WHAT THE EXERCISE ASKS -
Your answer should be every line of the records that contains the word "Tool", copied as it stands.

Data entries
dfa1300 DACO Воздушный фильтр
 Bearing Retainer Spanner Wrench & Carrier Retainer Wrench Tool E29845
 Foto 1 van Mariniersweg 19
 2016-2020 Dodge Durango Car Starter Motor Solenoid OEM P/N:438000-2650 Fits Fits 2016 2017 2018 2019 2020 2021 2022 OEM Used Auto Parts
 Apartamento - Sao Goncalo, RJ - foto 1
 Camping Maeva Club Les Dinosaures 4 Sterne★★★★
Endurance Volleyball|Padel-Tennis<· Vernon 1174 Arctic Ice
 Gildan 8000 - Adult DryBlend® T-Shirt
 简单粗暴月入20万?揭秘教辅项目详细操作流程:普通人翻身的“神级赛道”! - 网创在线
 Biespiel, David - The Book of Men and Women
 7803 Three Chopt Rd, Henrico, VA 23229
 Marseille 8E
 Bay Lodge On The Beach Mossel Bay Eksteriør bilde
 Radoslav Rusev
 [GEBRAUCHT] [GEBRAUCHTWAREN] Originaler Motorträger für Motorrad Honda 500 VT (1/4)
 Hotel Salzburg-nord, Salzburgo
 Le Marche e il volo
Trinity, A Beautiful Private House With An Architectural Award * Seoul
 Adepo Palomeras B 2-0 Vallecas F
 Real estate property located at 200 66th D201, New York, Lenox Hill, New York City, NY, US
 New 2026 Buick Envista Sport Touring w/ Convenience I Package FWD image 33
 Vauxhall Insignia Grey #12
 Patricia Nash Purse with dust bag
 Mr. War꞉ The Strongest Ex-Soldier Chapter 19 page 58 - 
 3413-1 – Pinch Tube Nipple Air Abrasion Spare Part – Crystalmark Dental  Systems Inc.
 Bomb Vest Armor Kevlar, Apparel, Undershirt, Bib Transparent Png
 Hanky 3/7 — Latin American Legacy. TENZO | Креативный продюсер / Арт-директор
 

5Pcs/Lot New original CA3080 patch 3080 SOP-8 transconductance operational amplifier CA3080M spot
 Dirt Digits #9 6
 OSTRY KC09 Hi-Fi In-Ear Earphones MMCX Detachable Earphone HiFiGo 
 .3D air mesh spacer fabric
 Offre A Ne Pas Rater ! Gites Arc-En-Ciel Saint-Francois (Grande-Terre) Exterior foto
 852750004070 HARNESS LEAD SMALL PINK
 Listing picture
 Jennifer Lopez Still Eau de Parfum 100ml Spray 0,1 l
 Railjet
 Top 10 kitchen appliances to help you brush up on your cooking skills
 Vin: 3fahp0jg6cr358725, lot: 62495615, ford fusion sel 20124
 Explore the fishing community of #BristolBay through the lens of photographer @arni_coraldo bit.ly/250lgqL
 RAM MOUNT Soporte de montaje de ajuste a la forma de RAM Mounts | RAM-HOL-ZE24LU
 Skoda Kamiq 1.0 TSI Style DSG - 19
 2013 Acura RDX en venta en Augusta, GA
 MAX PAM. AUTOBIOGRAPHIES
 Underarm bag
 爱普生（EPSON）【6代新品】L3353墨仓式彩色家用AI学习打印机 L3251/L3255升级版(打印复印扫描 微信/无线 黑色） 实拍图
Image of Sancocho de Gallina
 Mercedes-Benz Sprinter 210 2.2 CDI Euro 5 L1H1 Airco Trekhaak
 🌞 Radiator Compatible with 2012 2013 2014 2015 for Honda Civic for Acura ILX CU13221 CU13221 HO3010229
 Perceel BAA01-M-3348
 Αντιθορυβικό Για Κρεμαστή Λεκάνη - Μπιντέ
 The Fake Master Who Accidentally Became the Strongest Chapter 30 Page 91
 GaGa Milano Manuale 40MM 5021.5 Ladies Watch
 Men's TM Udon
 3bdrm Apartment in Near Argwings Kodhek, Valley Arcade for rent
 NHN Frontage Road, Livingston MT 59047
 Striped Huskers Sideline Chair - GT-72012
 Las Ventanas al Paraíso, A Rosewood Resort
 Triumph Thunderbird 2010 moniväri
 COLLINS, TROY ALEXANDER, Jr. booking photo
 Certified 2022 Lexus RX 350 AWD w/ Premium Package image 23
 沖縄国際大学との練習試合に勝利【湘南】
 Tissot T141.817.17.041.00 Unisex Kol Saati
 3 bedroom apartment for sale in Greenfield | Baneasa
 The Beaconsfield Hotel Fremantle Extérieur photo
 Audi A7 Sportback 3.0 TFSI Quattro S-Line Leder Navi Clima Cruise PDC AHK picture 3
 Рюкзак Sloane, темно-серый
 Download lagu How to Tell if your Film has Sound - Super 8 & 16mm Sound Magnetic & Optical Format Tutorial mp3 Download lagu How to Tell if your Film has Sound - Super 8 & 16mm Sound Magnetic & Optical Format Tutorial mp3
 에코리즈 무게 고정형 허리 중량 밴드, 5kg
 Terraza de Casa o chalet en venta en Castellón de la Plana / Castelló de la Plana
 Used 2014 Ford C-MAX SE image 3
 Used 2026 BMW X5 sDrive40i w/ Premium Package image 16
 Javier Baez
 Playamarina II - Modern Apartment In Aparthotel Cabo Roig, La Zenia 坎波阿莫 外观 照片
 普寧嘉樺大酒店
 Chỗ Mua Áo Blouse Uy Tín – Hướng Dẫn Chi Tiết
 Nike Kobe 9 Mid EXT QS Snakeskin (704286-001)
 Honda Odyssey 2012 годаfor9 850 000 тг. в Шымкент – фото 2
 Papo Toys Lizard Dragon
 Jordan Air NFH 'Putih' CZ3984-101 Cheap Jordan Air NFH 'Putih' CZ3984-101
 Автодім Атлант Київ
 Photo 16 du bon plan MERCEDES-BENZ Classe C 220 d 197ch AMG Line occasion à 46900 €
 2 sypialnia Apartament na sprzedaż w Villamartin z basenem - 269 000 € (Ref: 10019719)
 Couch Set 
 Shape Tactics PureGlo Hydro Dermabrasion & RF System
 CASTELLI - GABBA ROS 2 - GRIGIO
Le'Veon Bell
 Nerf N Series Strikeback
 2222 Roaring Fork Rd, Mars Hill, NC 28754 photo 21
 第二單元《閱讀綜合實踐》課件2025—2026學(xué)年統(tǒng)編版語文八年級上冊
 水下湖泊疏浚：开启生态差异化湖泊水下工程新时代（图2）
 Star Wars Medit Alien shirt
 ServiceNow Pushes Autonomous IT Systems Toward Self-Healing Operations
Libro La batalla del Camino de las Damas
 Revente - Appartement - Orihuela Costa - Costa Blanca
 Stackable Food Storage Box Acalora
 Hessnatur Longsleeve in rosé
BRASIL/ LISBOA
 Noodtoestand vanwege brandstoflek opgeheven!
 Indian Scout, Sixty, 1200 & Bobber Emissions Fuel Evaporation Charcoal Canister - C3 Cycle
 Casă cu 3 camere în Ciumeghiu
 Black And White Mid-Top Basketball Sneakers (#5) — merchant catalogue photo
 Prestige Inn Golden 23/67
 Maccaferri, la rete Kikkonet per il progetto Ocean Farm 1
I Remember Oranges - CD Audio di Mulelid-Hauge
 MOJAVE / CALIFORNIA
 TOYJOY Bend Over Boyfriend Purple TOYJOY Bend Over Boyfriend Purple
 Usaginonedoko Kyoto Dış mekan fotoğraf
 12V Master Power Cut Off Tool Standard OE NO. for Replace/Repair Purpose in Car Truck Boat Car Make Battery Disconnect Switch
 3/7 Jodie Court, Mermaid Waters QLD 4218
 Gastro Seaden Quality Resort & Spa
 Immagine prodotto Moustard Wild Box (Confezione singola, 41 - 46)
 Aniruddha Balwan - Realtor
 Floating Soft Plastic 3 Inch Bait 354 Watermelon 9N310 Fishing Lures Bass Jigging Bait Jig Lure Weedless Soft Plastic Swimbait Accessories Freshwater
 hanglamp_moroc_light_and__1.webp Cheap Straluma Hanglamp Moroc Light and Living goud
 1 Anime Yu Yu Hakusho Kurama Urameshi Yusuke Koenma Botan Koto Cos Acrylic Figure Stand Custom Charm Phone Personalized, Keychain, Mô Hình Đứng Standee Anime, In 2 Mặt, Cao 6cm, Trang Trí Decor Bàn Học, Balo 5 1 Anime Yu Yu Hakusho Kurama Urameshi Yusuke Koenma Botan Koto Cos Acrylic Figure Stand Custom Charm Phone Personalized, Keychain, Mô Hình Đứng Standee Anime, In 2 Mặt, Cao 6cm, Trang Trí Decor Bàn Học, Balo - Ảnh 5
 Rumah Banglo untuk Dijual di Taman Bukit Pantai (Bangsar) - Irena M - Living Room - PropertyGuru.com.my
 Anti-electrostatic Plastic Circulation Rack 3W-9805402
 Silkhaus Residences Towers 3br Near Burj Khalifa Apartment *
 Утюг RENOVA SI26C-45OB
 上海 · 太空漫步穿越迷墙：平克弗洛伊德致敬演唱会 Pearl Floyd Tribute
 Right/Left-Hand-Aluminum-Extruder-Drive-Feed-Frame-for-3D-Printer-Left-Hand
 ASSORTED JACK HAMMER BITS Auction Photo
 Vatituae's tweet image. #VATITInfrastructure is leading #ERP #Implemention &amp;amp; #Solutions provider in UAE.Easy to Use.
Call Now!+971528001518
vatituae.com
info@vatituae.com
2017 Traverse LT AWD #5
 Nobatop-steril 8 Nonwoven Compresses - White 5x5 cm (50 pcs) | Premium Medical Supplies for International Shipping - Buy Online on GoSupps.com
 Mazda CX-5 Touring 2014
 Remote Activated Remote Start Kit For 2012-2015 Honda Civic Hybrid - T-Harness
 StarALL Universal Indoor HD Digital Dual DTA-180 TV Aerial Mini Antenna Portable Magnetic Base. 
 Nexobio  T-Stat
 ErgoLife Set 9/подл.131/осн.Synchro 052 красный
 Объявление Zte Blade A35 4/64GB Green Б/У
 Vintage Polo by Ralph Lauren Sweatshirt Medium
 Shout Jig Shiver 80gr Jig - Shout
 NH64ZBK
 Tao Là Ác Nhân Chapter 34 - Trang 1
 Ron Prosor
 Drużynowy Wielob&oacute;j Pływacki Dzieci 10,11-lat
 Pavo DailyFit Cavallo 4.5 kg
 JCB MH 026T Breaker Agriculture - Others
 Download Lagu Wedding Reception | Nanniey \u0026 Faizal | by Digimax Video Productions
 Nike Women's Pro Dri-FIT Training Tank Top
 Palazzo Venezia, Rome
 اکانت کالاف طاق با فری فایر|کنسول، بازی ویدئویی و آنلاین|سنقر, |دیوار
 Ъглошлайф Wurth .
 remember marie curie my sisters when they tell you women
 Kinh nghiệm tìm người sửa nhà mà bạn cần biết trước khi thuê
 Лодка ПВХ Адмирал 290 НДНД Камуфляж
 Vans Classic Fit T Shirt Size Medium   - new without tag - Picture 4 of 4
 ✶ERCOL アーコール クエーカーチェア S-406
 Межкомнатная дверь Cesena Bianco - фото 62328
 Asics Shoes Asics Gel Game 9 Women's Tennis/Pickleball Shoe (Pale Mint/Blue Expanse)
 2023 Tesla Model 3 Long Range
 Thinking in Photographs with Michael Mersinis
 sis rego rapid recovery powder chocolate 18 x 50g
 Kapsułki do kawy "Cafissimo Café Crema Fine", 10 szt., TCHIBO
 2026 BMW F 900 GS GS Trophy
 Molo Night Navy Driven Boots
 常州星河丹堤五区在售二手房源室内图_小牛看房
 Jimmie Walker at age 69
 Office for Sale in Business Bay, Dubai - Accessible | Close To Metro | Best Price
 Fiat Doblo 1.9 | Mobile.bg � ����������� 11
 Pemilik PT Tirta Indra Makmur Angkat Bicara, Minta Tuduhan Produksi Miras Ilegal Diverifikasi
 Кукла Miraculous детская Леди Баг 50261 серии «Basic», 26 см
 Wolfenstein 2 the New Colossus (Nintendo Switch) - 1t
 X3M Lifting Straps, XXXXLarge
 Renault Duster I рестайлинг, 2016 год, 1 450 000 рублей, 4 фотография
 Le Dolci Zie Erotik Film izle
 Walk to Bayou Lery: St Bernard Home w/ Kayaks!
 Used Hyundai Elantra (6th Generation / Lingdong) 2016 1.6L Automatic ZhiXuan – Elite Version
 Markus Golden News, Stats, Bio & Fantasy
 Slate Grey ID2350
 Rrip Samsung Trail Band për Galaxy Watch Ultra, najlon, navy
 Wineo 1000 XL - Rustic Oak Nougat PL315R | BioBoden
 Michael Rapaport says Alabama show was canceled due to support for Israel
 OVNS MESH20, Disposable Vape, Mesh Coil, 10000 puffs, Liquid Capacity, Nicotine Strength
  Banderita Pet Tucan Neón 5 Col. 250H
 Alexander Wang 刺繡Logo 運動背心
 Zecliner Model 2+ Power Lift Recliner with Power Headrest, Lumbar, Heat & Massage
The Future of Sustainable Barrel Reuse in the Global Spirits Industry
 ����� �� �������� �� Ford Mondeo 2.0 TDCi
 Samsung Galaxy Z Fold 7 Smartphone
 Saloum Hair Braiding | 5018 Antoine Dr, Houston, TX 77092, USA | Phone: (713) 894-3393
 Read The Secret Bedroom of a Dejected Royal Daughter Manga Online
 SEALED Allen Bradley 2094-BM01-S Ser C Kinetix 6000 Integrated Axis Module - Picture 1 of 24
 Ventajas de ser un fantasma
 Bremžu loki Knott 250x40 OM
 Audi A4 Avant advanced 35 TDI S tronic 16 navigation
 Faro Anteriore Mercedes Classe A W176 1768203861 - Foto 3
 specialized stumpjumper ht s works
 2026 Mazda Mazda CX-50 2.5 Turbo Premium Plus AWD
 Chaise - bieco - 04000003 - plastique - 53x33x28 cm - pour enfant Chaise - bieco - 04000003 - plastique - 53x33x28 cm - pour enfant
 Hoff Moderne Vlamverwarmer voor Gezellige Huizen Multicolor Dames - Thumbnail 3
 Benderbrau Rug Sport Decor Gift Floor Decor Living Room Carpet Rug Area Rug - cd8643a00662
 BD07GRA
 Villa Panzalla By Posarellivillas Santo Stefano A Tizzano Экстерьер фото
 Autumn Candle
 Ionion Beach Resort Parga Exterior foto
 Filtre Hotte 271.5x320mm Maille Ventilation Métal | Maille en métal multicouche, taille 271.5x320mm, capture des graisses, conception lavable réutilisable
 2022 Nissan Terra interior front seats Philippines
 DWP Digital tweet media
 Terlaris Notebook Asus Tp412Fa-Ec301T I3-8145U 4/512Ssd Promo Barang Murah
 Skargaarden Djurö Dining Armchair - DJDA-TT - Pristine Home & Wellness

REPLY -
 Bearing Retainer Spanner Wrench & Carrier Retainer Wrench Tool E29845
 12V Master Power Cut Off Tool Standard OE NO. for Replace/Repair Purpose in Car Truck Boat Car Make Battery Disconnect Switch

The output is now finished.